Trzymając się kurczowo tematów muzycznych: wśród kanadyjskich nowości płytowych przynajmniej dwie zasługują na baczniejsze spojrzenie.
Kilka miesięcy temu dopadły nas smutki, gdy słodka parka tworząca Handsome Furs postanowiła się rozstać, a tym samym rozwiązać zespół. Wiadomym było jednak, że Dan Boeckner długo próżnować nie zamierza - i faktycznie, po chwili sygnował już swoim nazwiskiem nowy projekt. I to w nie byle jakim towarzystwie, dołączył do niego bowiem Britt Daniel z teksaskiego Spoon, by utworzyć nową supergrupę Divine Fits. Pierwszy album - A Thing Called the Divine Fits - ukazał się przed kilkoma dniami i nie zawodzi! Chłopakom współpraca wychodzi na dobre, udało im się znaleźć ciekawe brzmienia i jakościowo stawiam ich zdecydowanie wyżej niż ostatnie dokonania Handsome Furs.

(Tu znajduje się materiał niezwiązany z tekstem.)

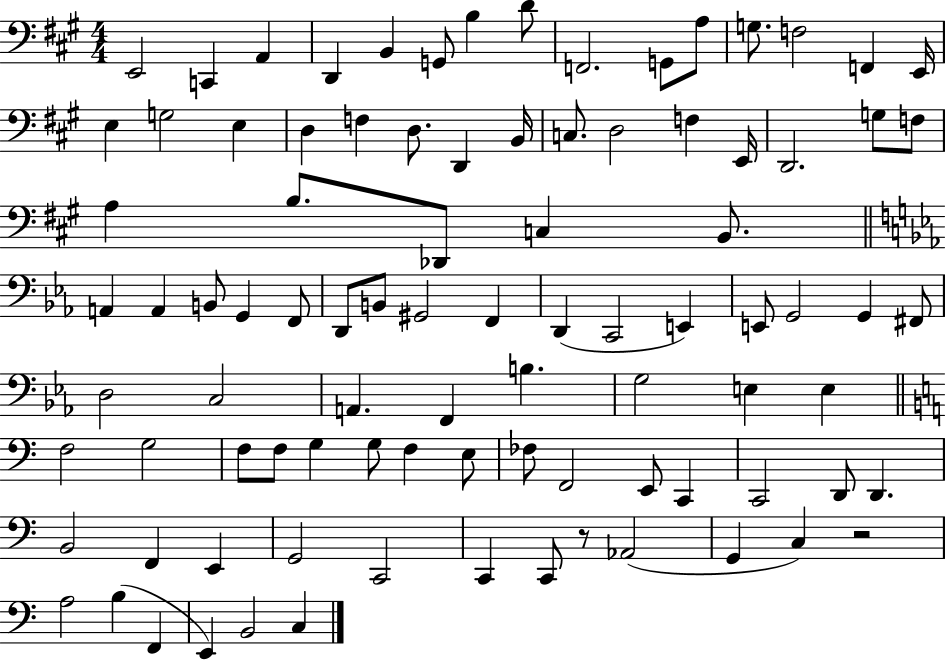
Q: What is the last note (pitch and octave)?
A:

Drugim wydawnictwem wartym uwagi jest The North grupy Stars z Toronto. Bujają się oni po kanadyjskich scenach od ponad dziesięciu lat, wielkimi gwiazdami jakoś zostać nie mogą i nie zostaną nimi też zapewne przy okazji nowego albumu. Nie zmienia to jednak faktu, iż jest to album wyjątkowo udany. Elegancki i subtelny w starym stylu, ale bez nachalnej retro stylizacji. Kilka rzeczy ślicznych - jak na przykład ten rozbujany numer. Dużo gwiazdek dla Stars!
W poprzedniej notce Asia wspominała swetry - tak się składa, że NFB właśnie w tym tygodniu opowiada nam w uroczej krótkometrażowej animacji o swetrach, hokeju i małym miasteczku w Quebecu. Aż się chce wskoczyć w łyżwy (juz niedługo)!